At boot the Power Control (PCON) and CPU status (STATUS) registers are evaluated to determine if the boot was due to a watchdog or CPU trap (e.g. stack).  If any of these conditions evaluate TRUE the boot will complete with error and a status code set on the front panel LEDs.  The inverter will not start without power cycling which is done for safety.

A row of program flash is used to store the system configuration and the last word contains the checksum for the row.  This value is compared to the dynamically generated checksum.  Similarly, a mismatch causes the boot to complete with error, set an LED status code, and prevent normal startup without power cycling.

In both of the above situations the status code will be written to NVM.  In the case of the checksum error this has a self healing effect: the entire row is rewritten with default values which should reset the checksum unless there’s a flash memory failure.  Also, while the inverter won’t start, the service port is active and can be used to troubleshoot.

The second boot step is peripheral configuration.  This starts with loading configurable parameters from NVM and then configuring the on-board peripherals.  No validations are performed during this step.

Inverter startup is performed in the run-time loop.  Once the data collection block validates the operating environment (e.g.  temp, current, voltages), control proceeds to the boot (autostart) block.  The NVM configuration directs what happens:  the unit can remain stopped, start only the inverter section, or start inverter & sine sections.  When the inverter is started several things happen:

1. The bootstrap capacitors are charged.  High-side shorts are also detected.
2. A soft-start function slowly increases the duty cycle from 0 to the set value to reduce component stress and EMI.
3. The steady state duty cycle is monitored to detect shorts (or other HW malfunctions that would reduce duty cycle).

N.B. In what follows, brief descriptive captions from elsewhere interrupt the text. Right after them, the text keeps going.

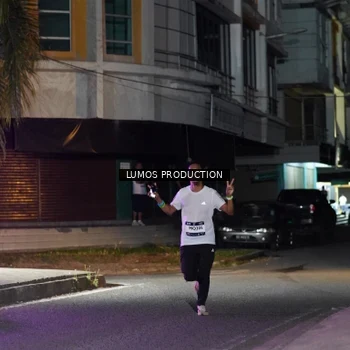 Runner Photo 7971550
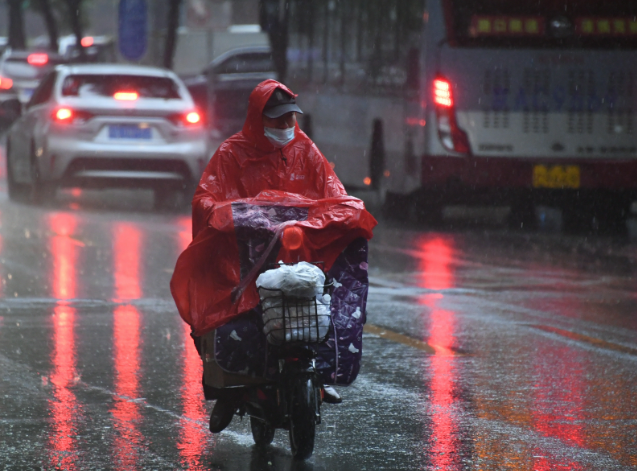 北京全市平均累积降水量932.1毫米 北京打破1961年以来年降水纪录 北京全市平均累积降水量932.1毫米 北京打破1961年以来年降水纪录
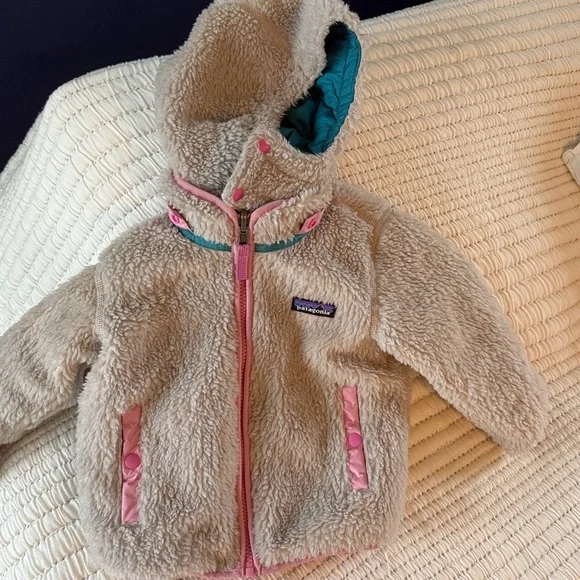 Patagonia Teal and Pink Jacket - Picture 7 of 7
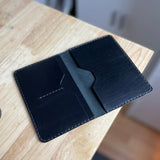 Reisepasshülle aus schwarzem Leder, handgenäht für einen Reisepass, Scheckkarten oder Geldscheine, mit Logo Elch.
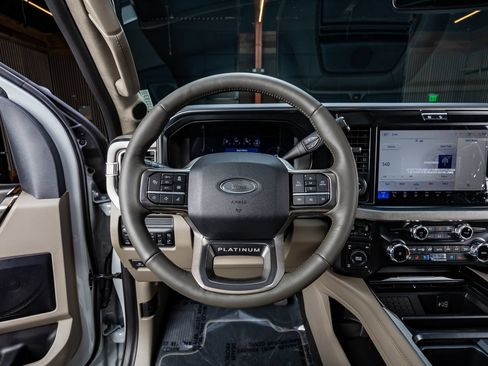 Used 2026 Ford F250 Platinum w/ Platinum Plus Package AWD/4WD image 19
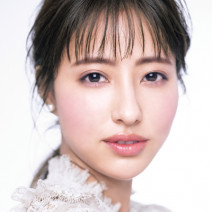 吉川康雄さんが提案！ ピンクの柔らかさをプラスしたフェミニン眉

If NVM also directs the sine section to start then the sine command pin (PIN_O_SINE) is asserted and the acknowledgment pin (PIN_I_SINE) is monitored to confirm start within the timeout period.

Any error encountered during startup sets the unit to a stopped state with the front panel LEDs displaying an error code.  A power cycle is required to restart.

Run Loop
The run loop is a waterfall design and  consists of several discrete conditional sections that execute sequentially:

• Watchdog timer:  this is reset at the top of the loop.
• Data collection:  system voltages, temperatures, and current.  Many of these are averaged over several samples to eliminate noise and ripple.  These values are used in subsequent processing blocks.
• Thermal management:  turns fans on & off based on inverter temperature and thresholds set in NVM.  A ‘feature’ of this block is that it can be used to measure the execution time of the control loop.  This is done by setting a higher off temperature than on and measuring the duty cycle at the fan power pin.  Best to do this with the fans disconnected.
• Run-time control:  provides envelope protection and disables the unit if voltage, current, temperature, or power limits are exceeded.  Some evaluations, like an input over-volt condition, require immediate shutdown.  Others, like excessive power uptake, must be tolerated for short time periods to accommodate the operating requirements of connected equipment.  These parameters are employ a simple Proportional-Derivative algorithm.
• Boot (or autostart):  previously discussed.
• NVM status recording:  most error codes that cause the MCU to shutdown the unit are recorded for troubleshooting.
• LED display:  sets the front panel LEDs to display a status code or load in 25% increments.
• Console monitor:  similar to the Unix ‘top’ command, this outputs various system values to the service port at one second intervals.
• Console service:  processes commands entered via the console.

NVM Storage
The MCU’s flash program memory is arranged in rows of 32 words.  A row is reserved for storage of configurable parameters by defining an array of constant unsigned characters.  Only the lower byte in each word is used for data since the memory cells of the upper byte only contain six bits.  The compiler knows this and will only utilize the low byte.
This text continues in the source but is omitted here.